Problem requirements - All lines below between the line with "Annotated Lesson plan - Annotated" and the line with "cyanotype tiles stencils for diy crafts", including both, must be copied exactly, and the pictures must be omitted.

++++ Source material ++++

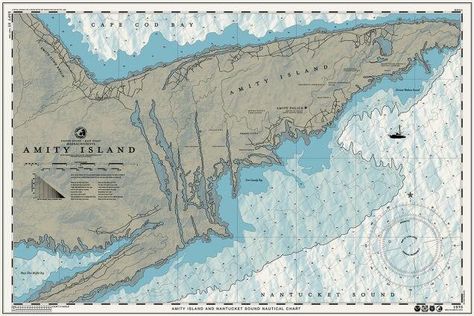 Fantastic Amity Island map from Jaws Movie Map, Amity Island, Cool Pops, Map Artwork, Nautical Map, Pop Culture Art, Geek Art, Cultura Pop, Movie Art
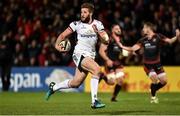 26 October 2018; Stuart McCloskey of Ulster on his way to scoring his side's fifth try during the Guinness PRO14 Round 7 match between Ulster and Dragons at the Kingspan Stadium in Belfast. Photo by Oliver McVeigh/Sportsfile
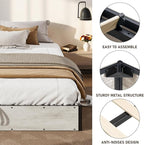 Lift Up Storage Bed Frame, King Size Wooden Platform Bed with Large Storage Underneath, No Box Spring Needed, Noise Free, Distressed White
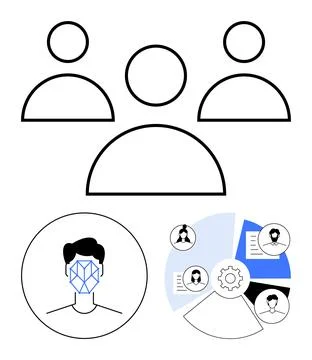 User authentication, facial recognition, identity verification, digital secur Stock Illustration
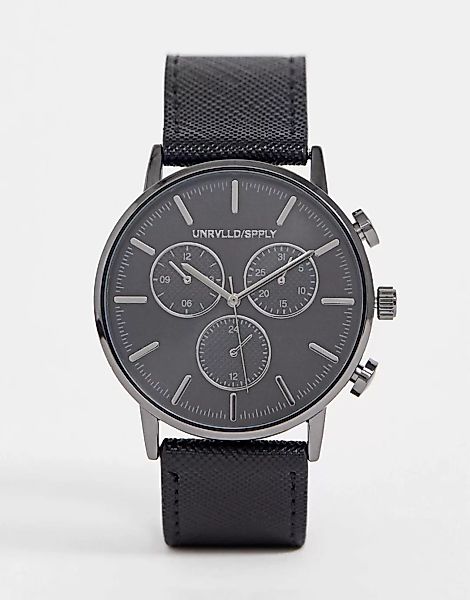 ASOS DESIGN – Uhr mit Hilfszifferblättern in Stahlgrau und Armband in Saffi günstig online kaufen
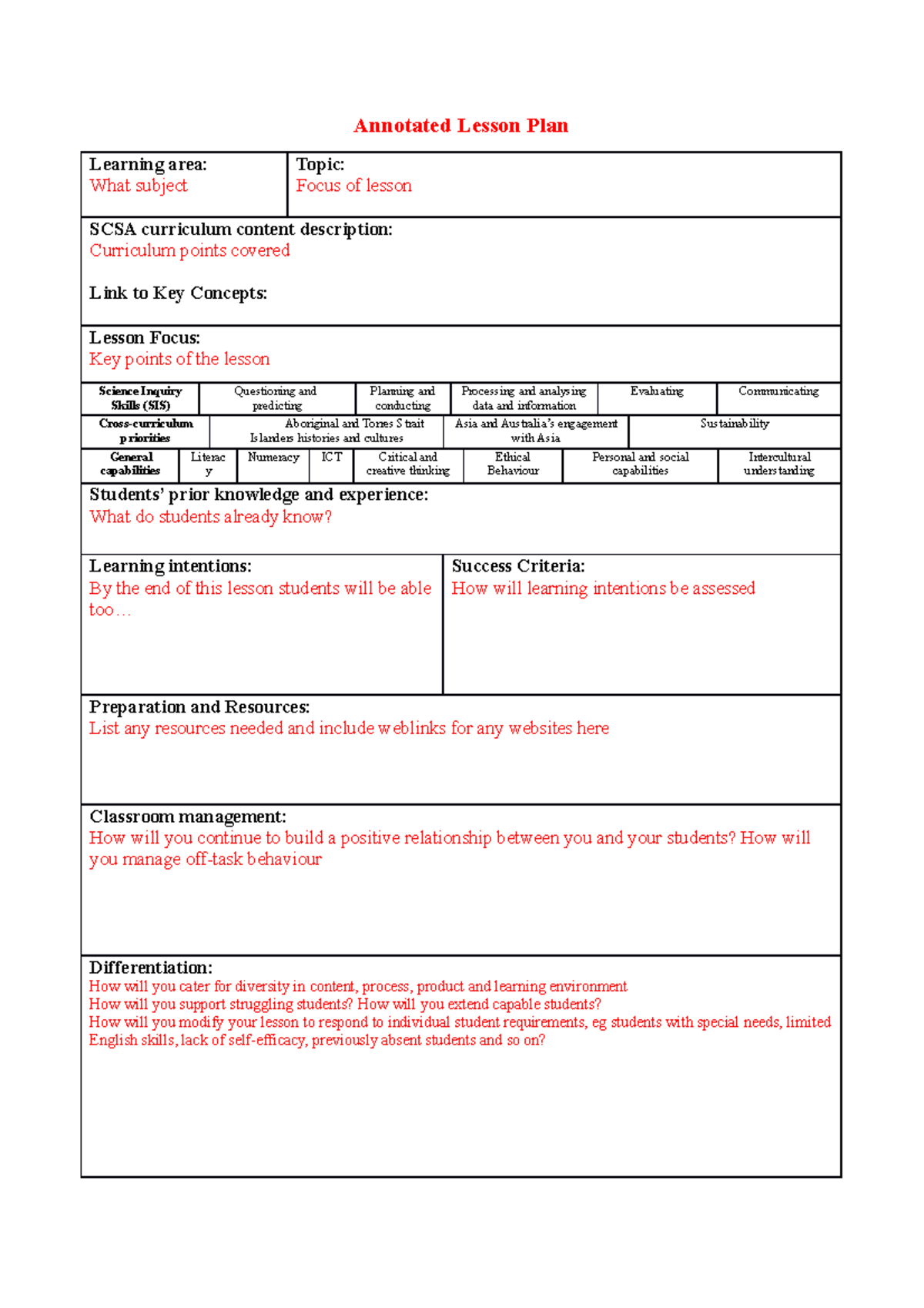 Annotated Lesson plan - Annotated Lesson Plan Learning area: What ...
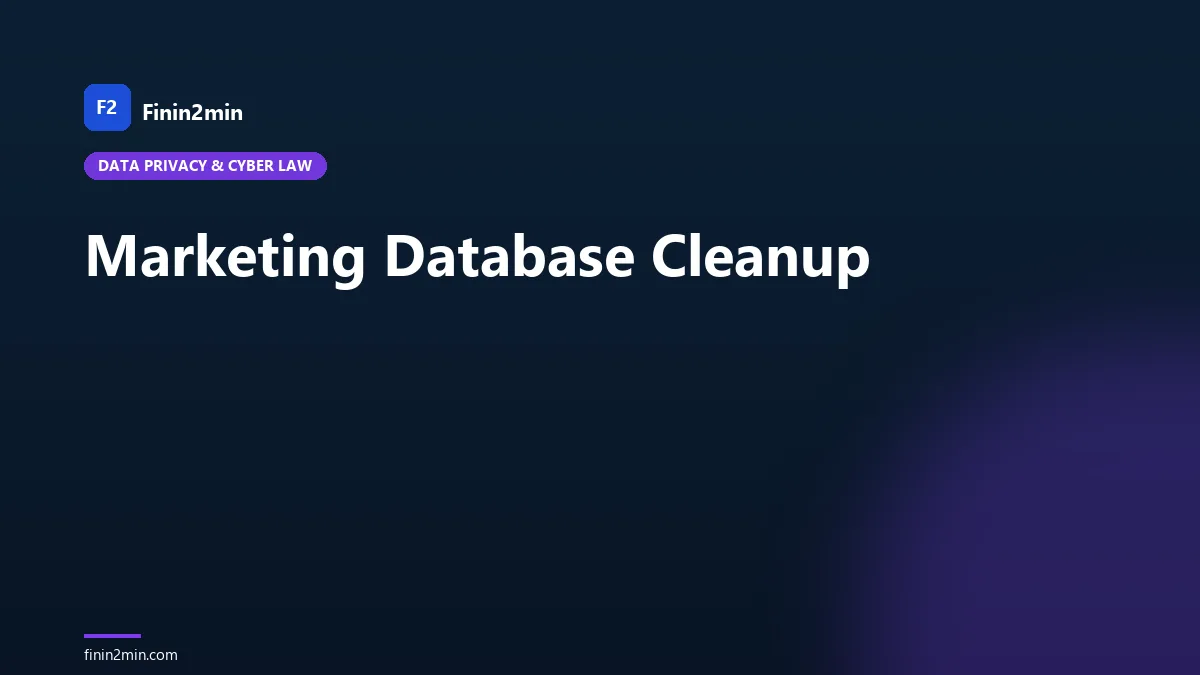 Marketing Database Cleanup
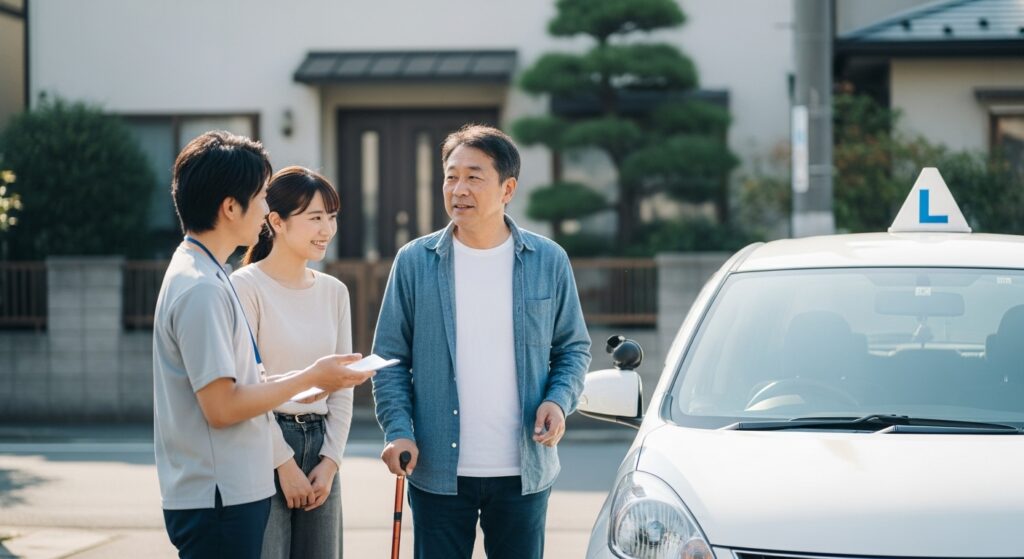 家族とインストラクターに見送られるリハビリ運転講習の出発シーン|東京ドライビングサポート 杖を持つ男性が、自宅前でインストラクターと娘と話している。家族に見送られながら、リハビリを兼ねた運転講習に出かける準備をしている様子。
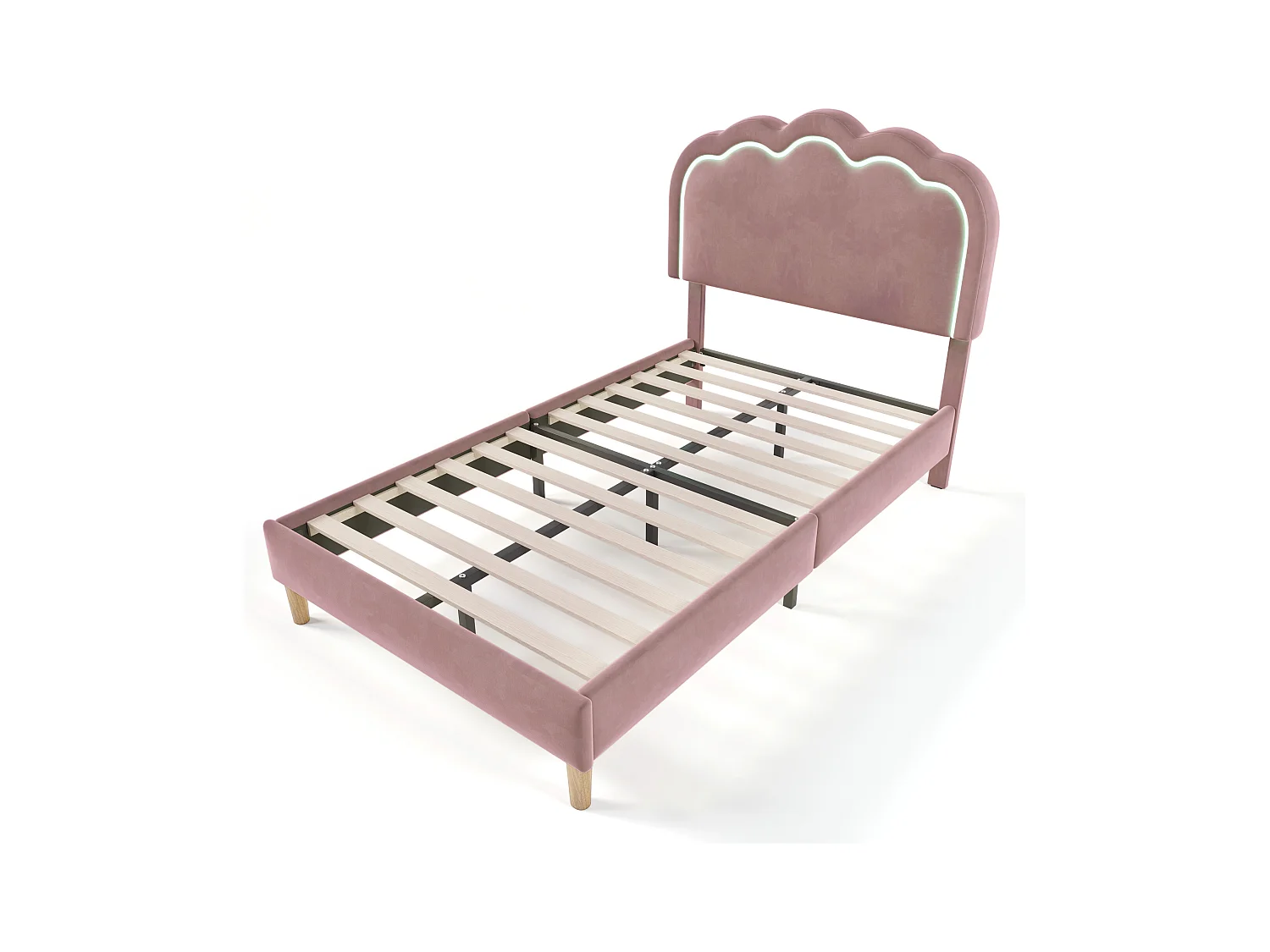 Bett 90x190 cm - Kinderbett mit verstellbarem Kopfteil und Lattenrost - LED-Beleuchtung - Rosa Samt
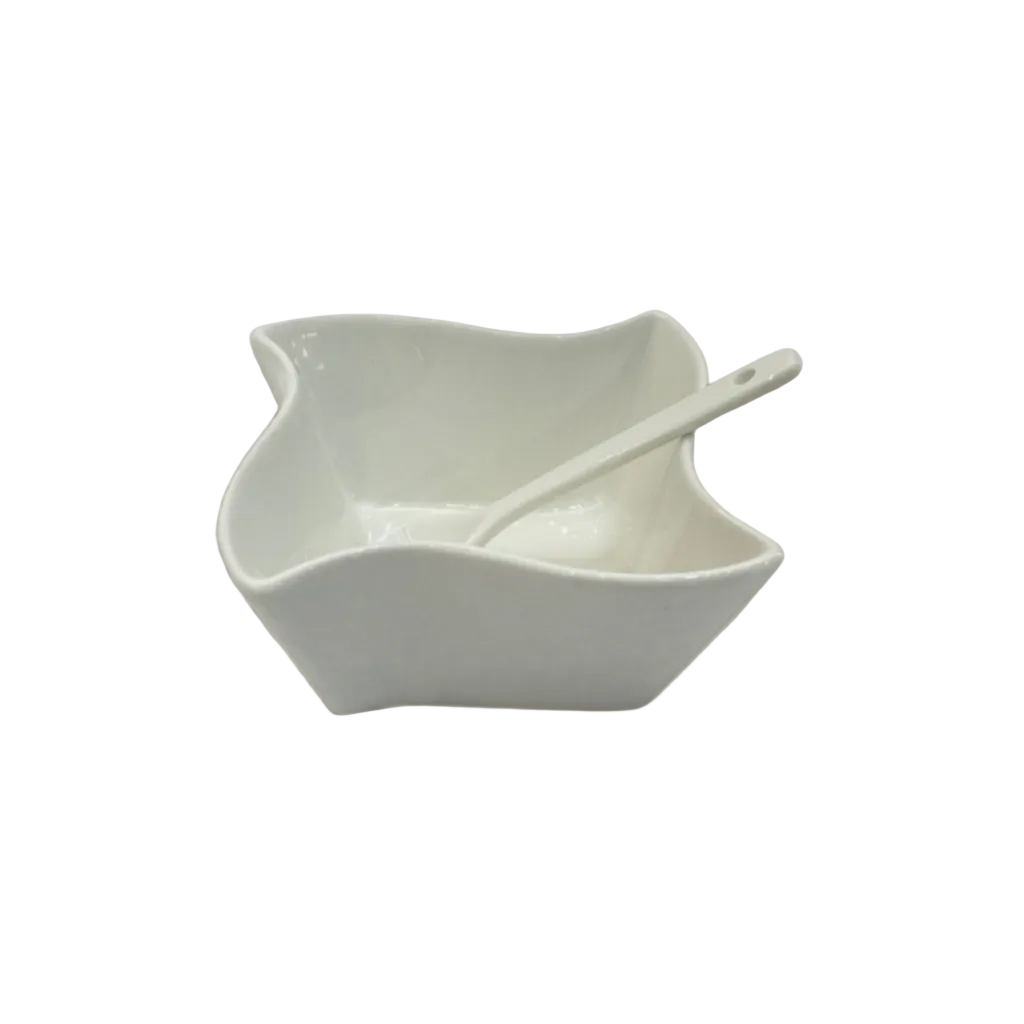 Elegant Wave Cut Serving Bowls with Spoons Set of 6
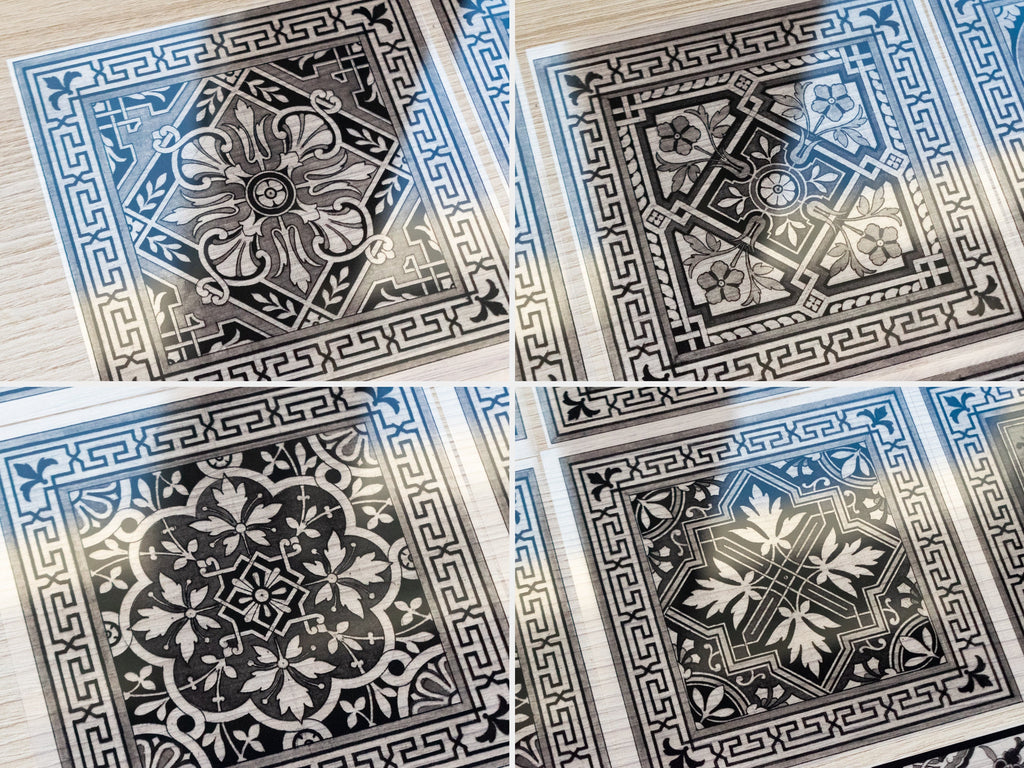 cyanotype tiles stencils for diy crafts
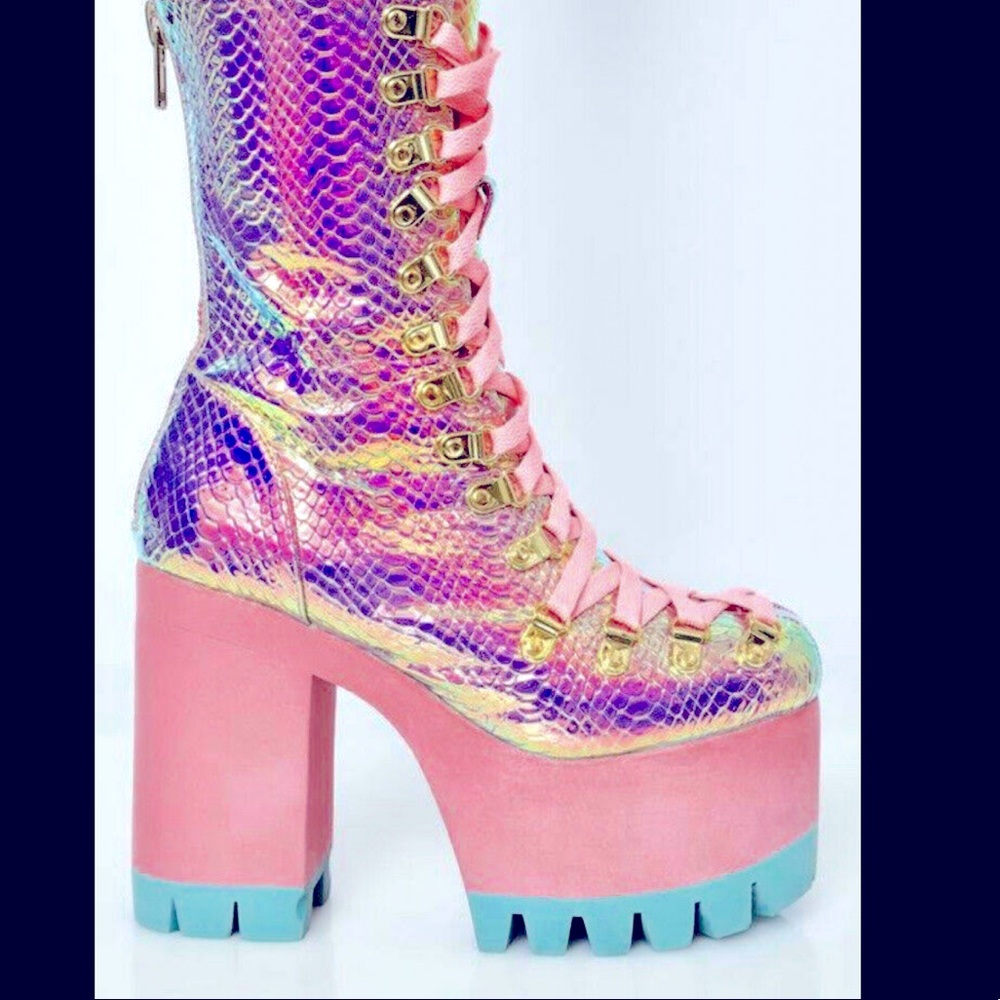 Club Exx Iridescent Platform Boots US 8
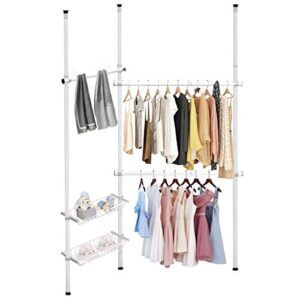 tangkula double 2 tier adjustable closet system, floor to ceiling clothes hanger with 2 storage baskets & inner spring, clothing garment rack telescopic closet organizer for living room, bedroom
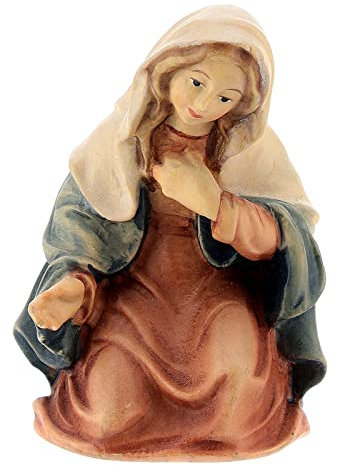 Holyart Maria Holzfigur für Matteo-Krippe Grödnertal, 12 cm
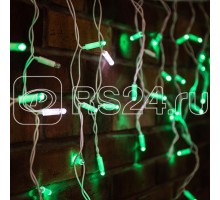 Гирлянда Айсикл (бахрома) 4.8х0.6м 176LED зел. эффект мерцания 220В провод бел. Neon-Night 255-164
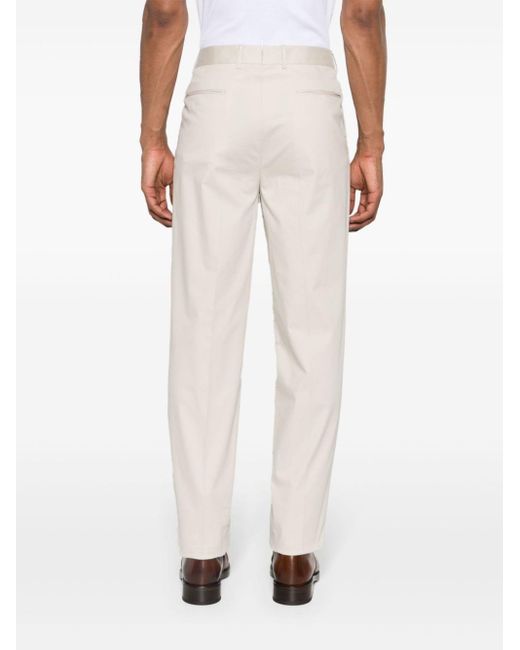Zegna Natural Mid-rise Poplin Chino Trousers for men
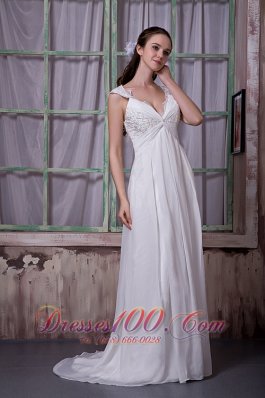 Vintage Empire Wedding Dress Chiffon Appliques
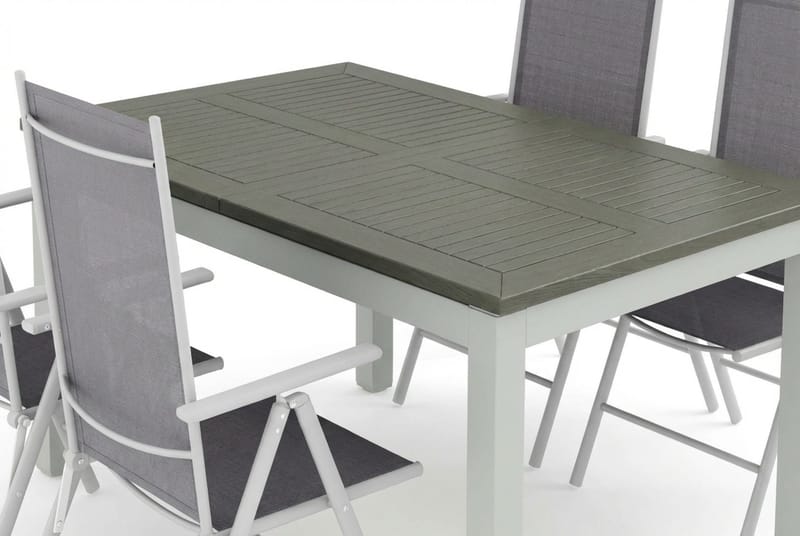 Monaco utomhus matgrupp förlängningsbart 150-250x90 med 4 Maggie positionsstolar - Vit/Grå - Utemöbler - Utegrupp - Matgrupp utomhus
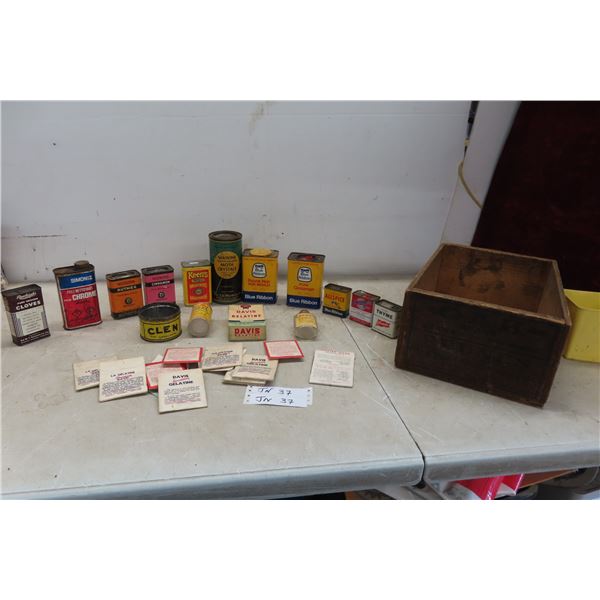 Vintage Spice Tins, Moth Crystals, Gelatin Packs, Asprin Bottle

++++

Task result -
 Annotated Lesson plan - Annotated Lesson Plan Learning area: What ...
 Marketing Database Cleanup
 家族とインストラクターに見送られるリハビリ運転講習の出発シーン|東京ドライビングサポート 杖を持つ男性が、自宅前でインストラクターと娘と話している。家族に見送られながら、リハビリを兼ねた運転講習に出かける準備をしている様子。
 Bett 90x190 cm - Kinderbett mit verstellbarem Kopfteil und Lattenrost - LED-Beleuchtung - Rosa Samt
 Elegant Wave Cut Serving Bowls with Spoons Set of 6
 cyanotype tiles stencils for diy crafts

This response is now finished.